Memorable scenes include a policeman stuck in a time loop and all the clocks stopping.
Known as either 'The Train Station' or 'The Soldier', this adventure lasted a whopping eight episodes.
Sapphire and Steel arrive at an abandoned railway station, where they find a ghost hunter. He is trying to communicate with the ghosts in the station, while Sapphire and Steel want to get rid of them. To send the ghosts on their way Steel does a deal with a demon which proves how little he values human life.
The adventure is memorable for Steel hanging from WW I barbed wire and his skip of joy at a job well done at the end.
This adventure lasted for four episodes and is known by the titles 'Animals', 'The Time Capsule' or 'The Creatures' Revenge'.
While being memorable for introducing Silver (a smarmy technical genius), this one, about time travellers from the future attacked by their own technology, has three quite interesting episodes of build up followed by a really poor finale.
It is also unfortunately memorable for Steel being attacked by a pillow.
This episode has four episodes and is known as 'The Man Without a Face', 'Photographs' or 'Pictures'.
Sapphire and Steel arrive at a bric-a-brac shop, where sepia coloured children play in the backyard. They are investigating the disappearance of the landlord, and one of the tenants of the upstairs flats.
The story includes a character who, it is suggested, might be working as a prostitute. It also features the disturbing sight of a man with no face, Sapphire and Steel being trapped in a photograph, someone else being burned to death inside a photograph, and the line:
Find every photograph ever taken of you. Burn them. Never have another one taken.
This particular adventure is divided into six episodes. Titles used by fans include 'Dr McDee Must Die' and 'The Dinner Party'.
A rich industrialist has a 1930s party to celebrate the anniversary of his company. Guests start to die off, youngest first, as something tries to change history and wipe out humanity.
Memorable bits include the childlike joy of Brass with his new powers and the looping finale.
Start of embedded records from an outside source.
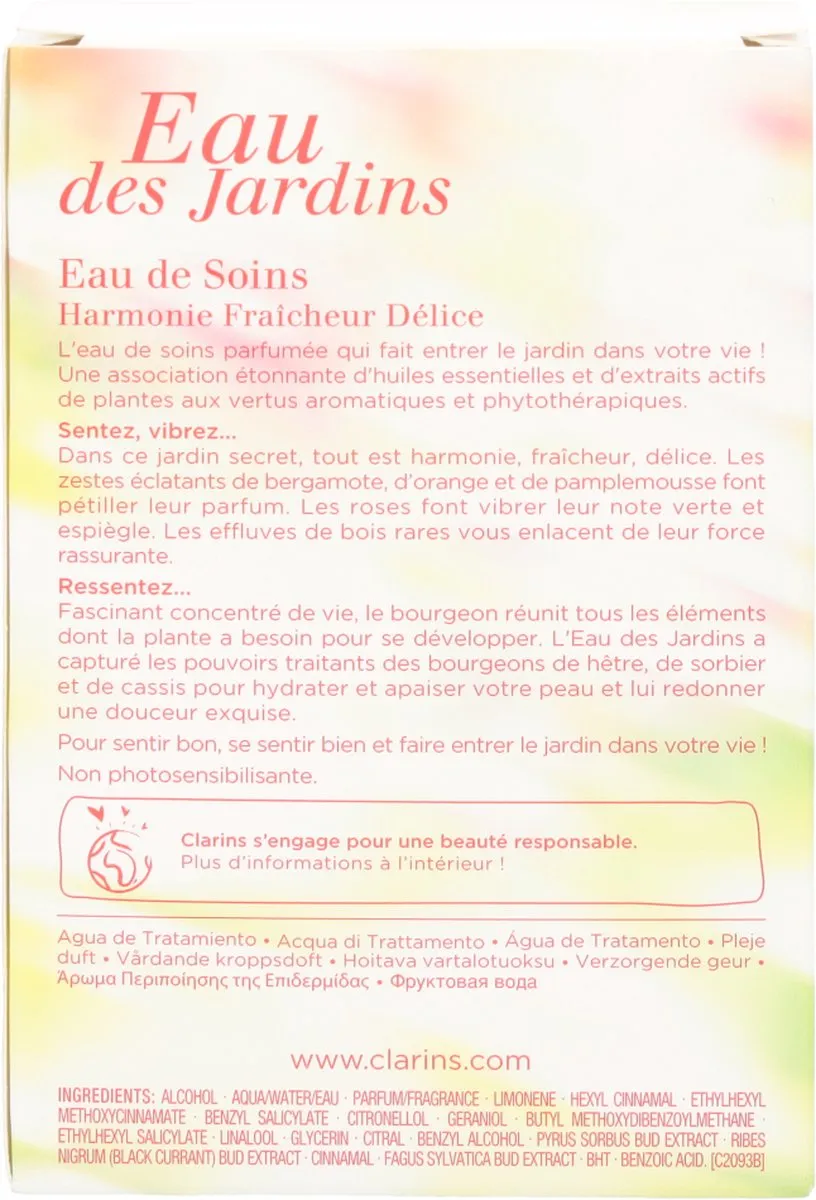 Clarins Eau des Jardin Care Geurwater 100ml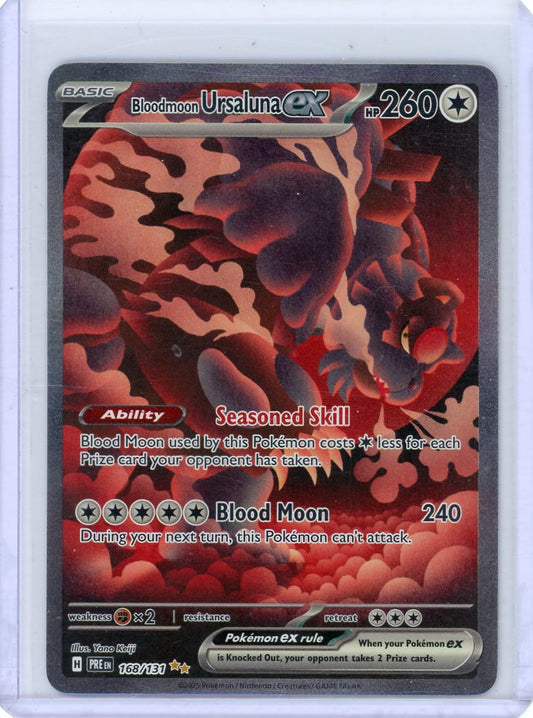 Bloodmoon Ursaluna ex - SV: Prismatic Evolutions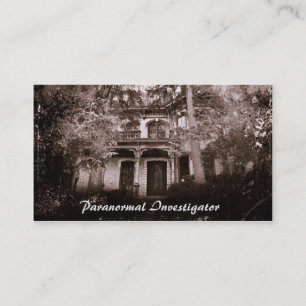 Paranormal utredarevisitkort HauntedHouse Visitkort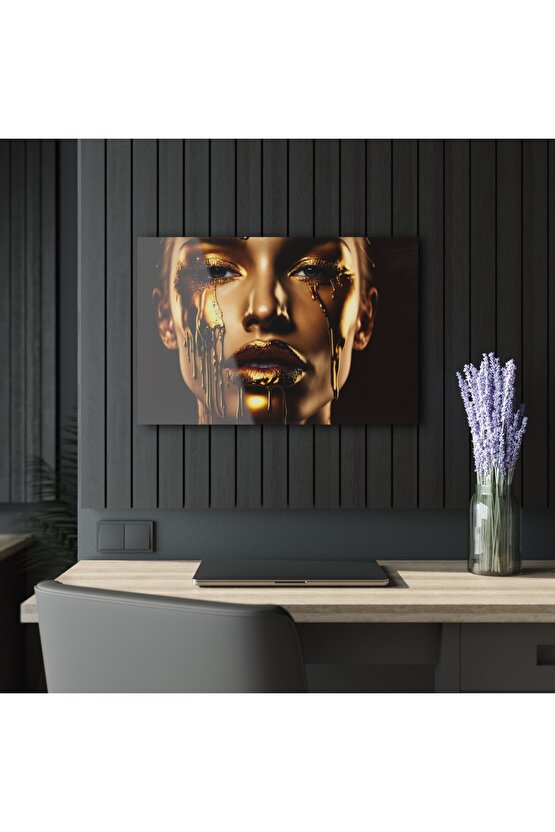 Kadın Model Cam Tablo Duvar Dekoru 16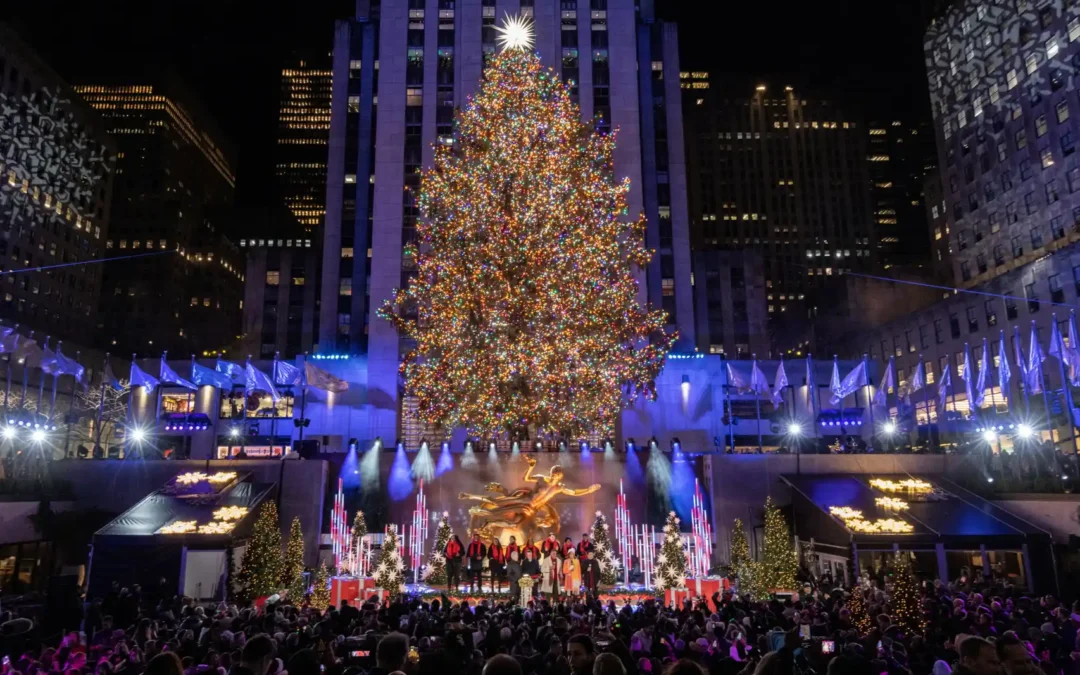 Nueva York inicia su Navidad con encendido del árbol del Rockefeller Center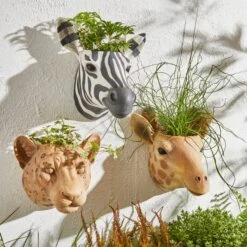 Dunelm Leopard Wall Planter -Dunelm Shop 30748371 alt02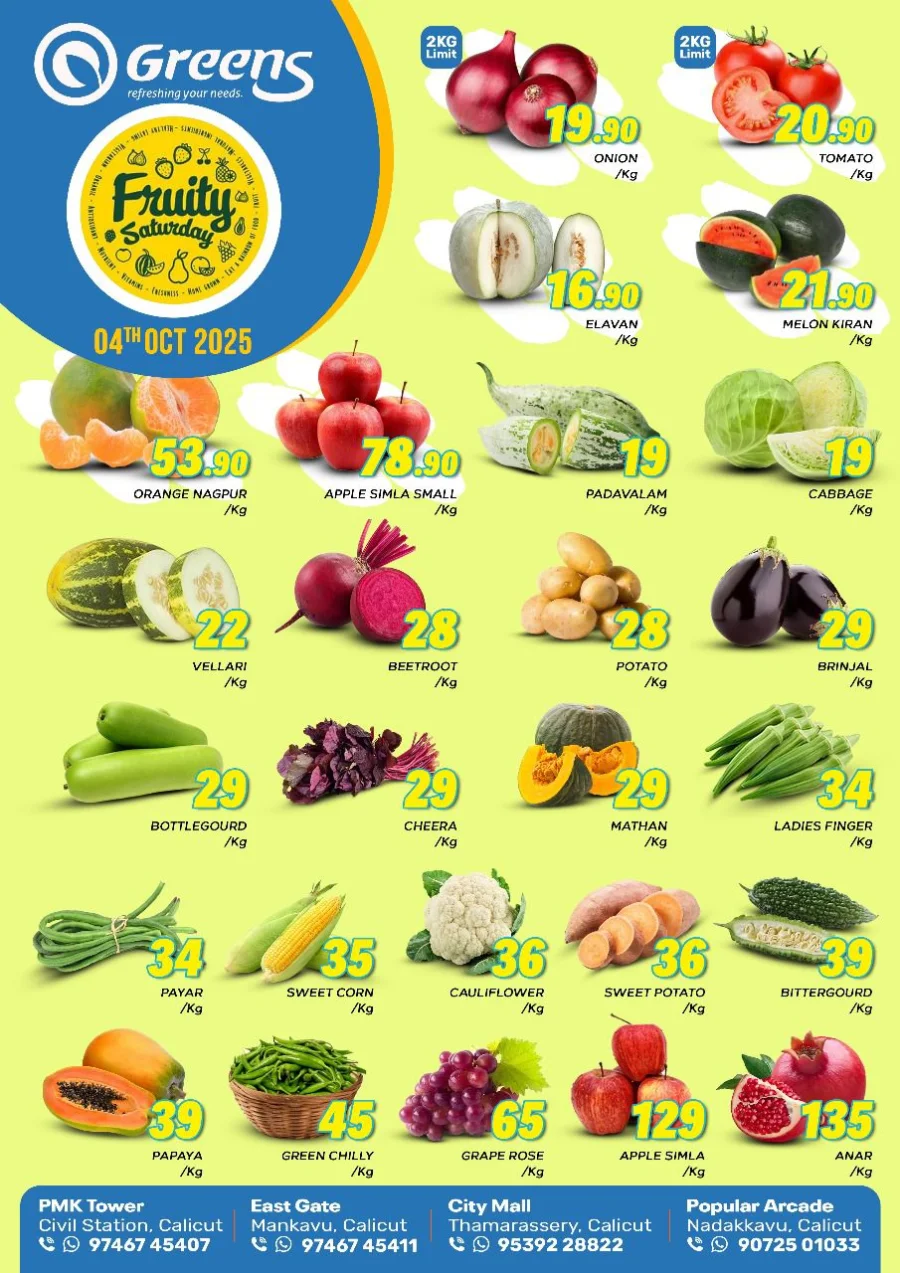 Fresh Deals Fresh Deals In Greens Hypermarket Calicut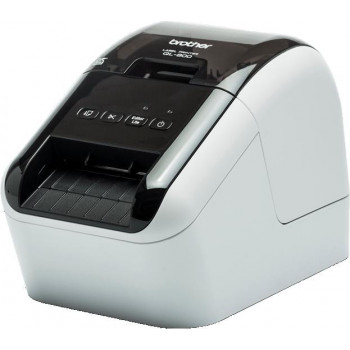 Impressora de etiquetas Brother QL-800 térmica direta cor 300 x 600 DPI 148 mm/seg com fios DK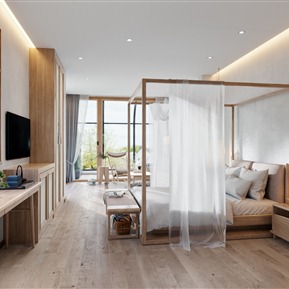 新中式 客房 自然民宿酒店客房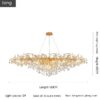 Water Drop Branch Living Room Dining Room Crystal Chandelier - Image 6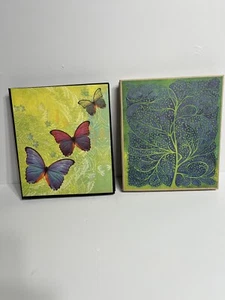 Photo Albums Set Of 2 Butterflies, Green Tree Journal/ 60 Photo Album Book 4”x6” - Picture 1 of 10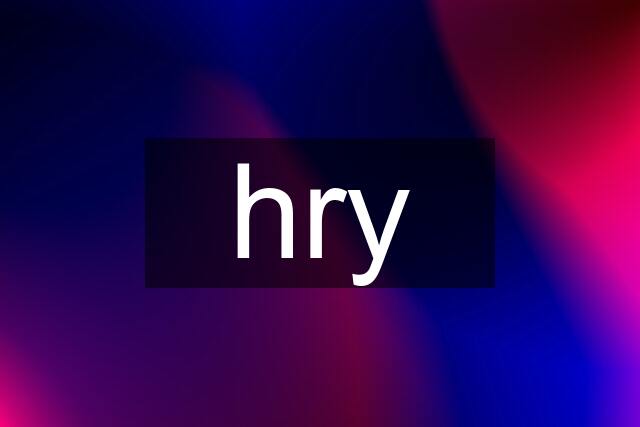 hry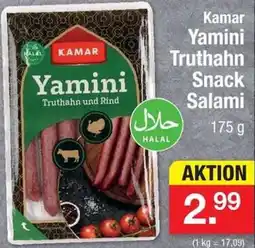 Zimmermann Kamar Yamini Truthahn Snack Salami Angebot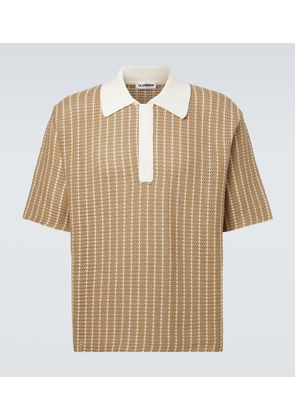 Jil Sander Knitted cotton polo shirt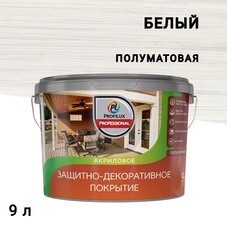 Лак акриловый мебельный Profilux Professional белый 9 л полуматовый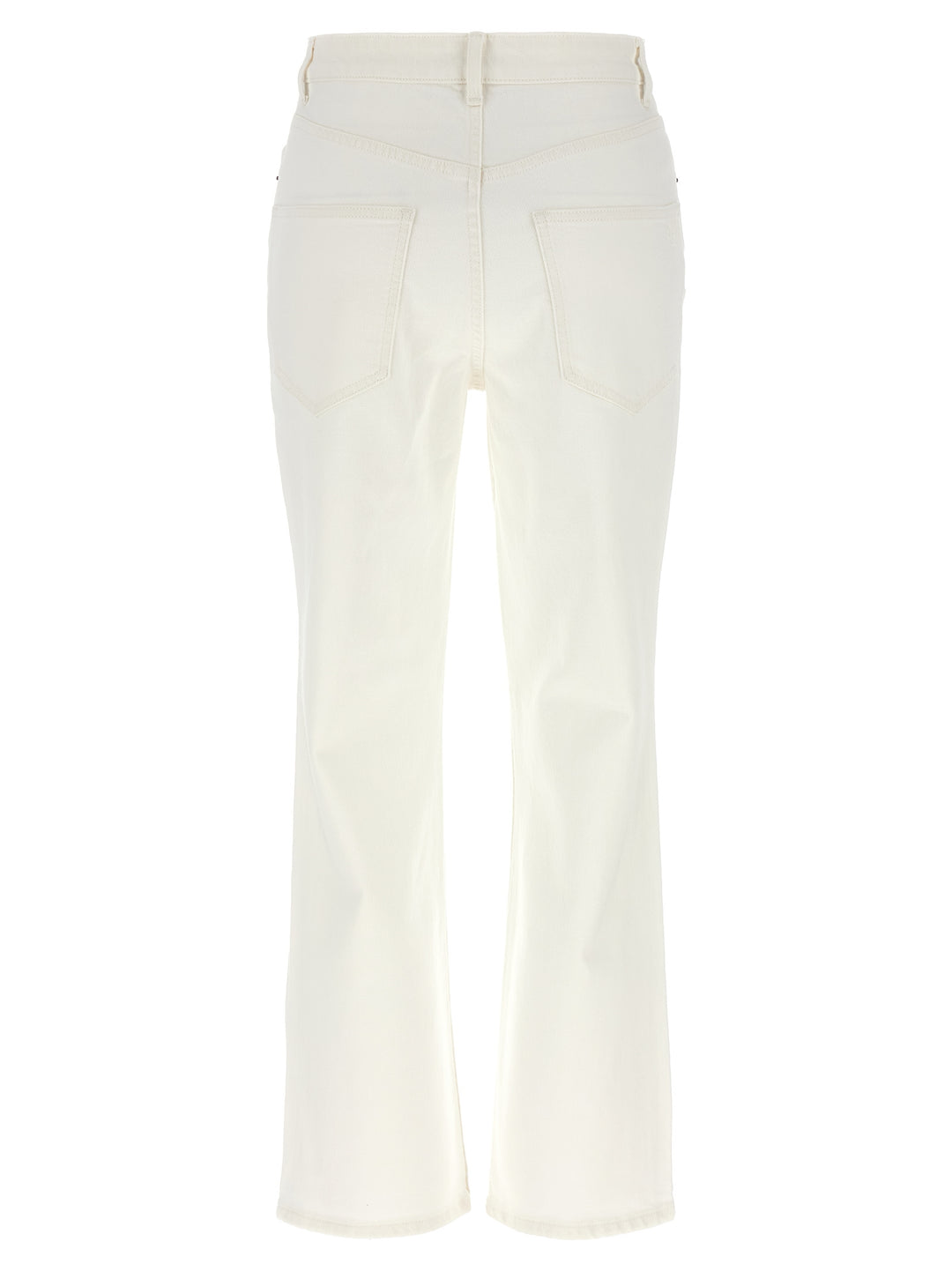 Tory Burch Cropped Jeans - Bianco | e0e52299dac7e5ac84c262a9d0232c9ddcf54968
This, the last adventure, was divided into four episodes and goes under a number of names, including 'The café' and 'The Petrol Station', though it's more commonly known by a name that might potentially spoil the plot for some people, so if you want to know, follow this footnote to find out2 .
Sapphire, Steel and Silver arrive at a petrol station frozen in time. The building is from the 1980s, but there is a car and two passengers from the 1940s, an old man out back who can see them as ghosts (and claims to be from the 1920s) and a tinker from the 1950s.
Which time period is the 'real' one, how can the people get everyone back to their own times, and will Silver learn to lose on the fruit machine?
Sapphire and Steel was top stuff. Very British, with heavy scripts and limited action, but something to put you off singing nursery rhymes or owning anything old. It is, unfortunately, best remembered for being confusing, due to a lot of the abstract concepts at play within the show's framework.